[Dataset extract Boundary: Start]

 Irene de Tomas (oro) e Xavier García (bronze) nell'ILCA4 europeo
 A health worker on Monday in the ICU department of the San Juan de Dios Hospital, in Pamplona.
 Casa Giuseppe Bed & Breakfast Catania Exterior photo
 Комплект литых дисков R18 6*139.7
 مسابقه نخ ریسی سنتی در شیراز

[Dataset extract Boundary: End]
[Dataset extract Boundary: Start]

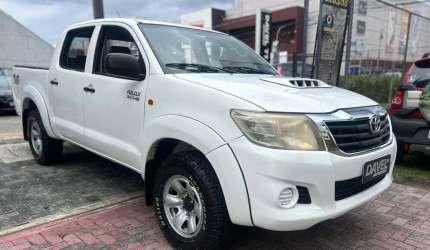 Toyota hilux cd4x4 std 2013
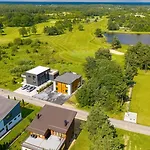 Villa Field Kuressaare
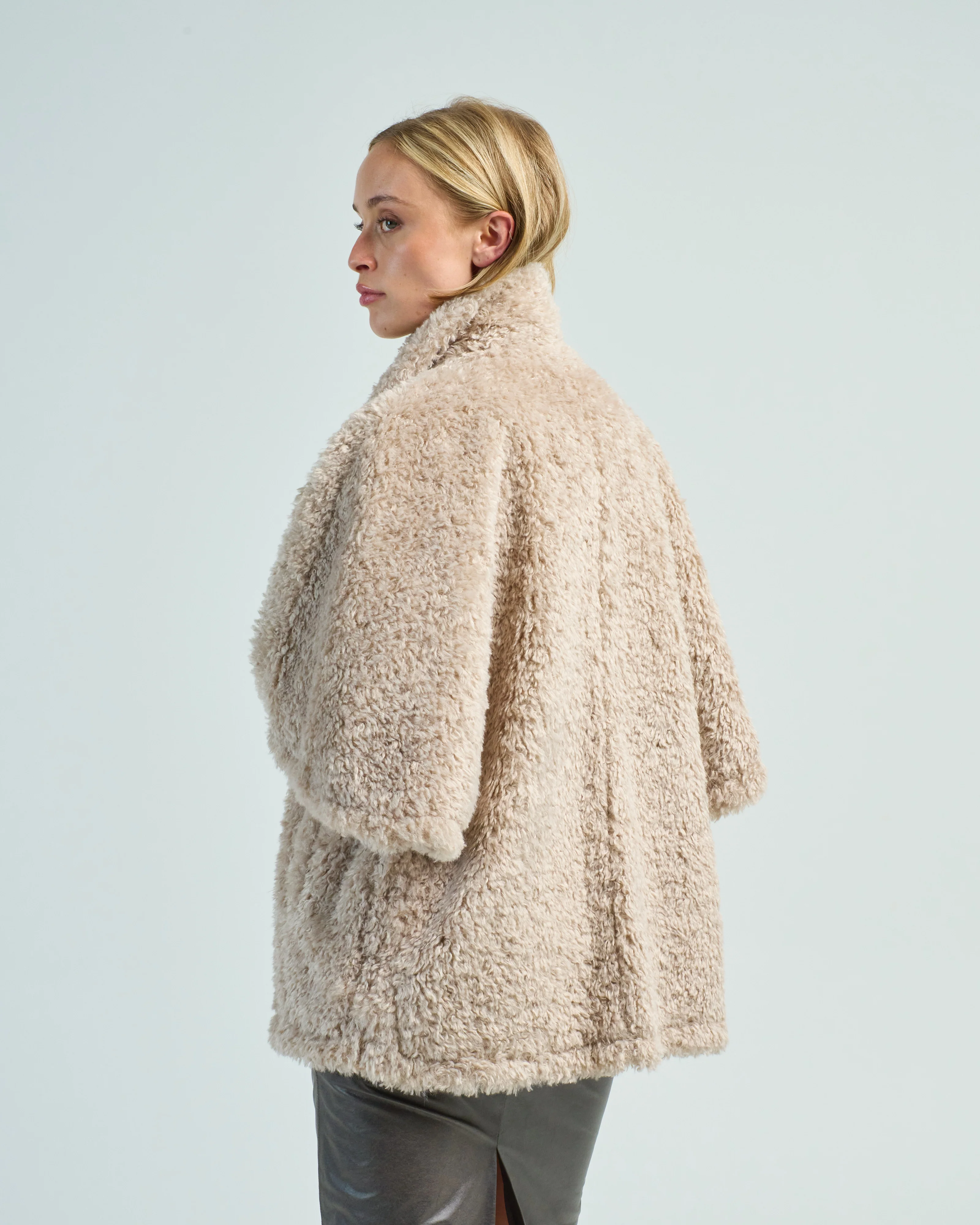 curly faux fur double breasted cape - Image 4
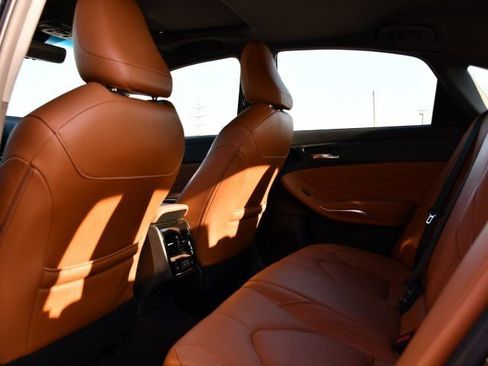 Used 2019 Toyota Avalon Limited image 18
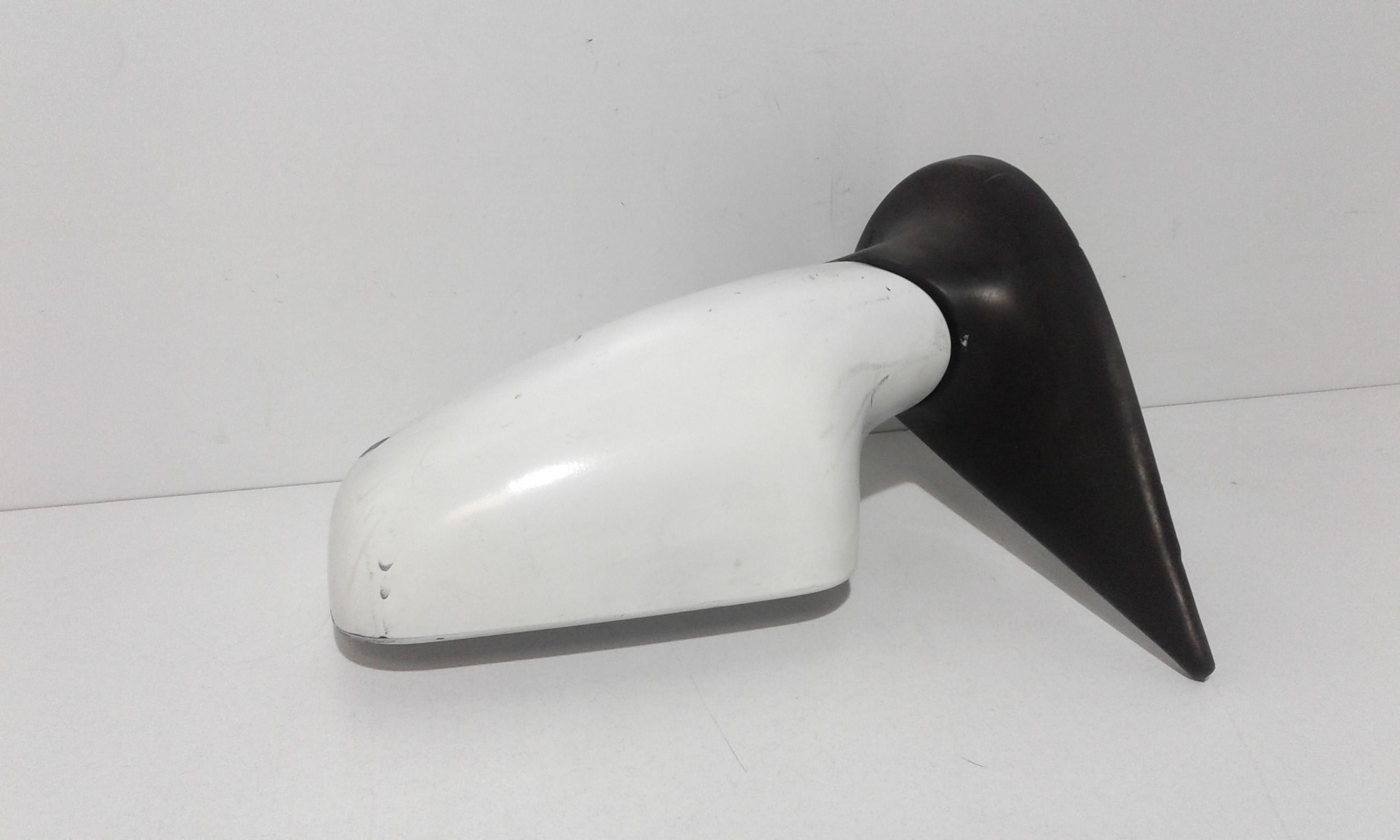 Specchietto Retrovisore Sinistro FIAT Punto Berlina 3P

[Dataset extract Boundary: End]

• **Assigned task**
Look above for the line with "Villa Field Kuressaare", then print it and each line after it down to and including the line with "Specchietto Retrovisore Sinistro". Leave out the pictures and keep the wording exact.

• **Expected output**
 Villa Field Kuressaare
 curly faux fur double breasted cape - Image 4
 Used 2019 Toyota Avalon Limited image 18
 Specchietto Retrovisore Sinistro FIAT Punto Berlina 3P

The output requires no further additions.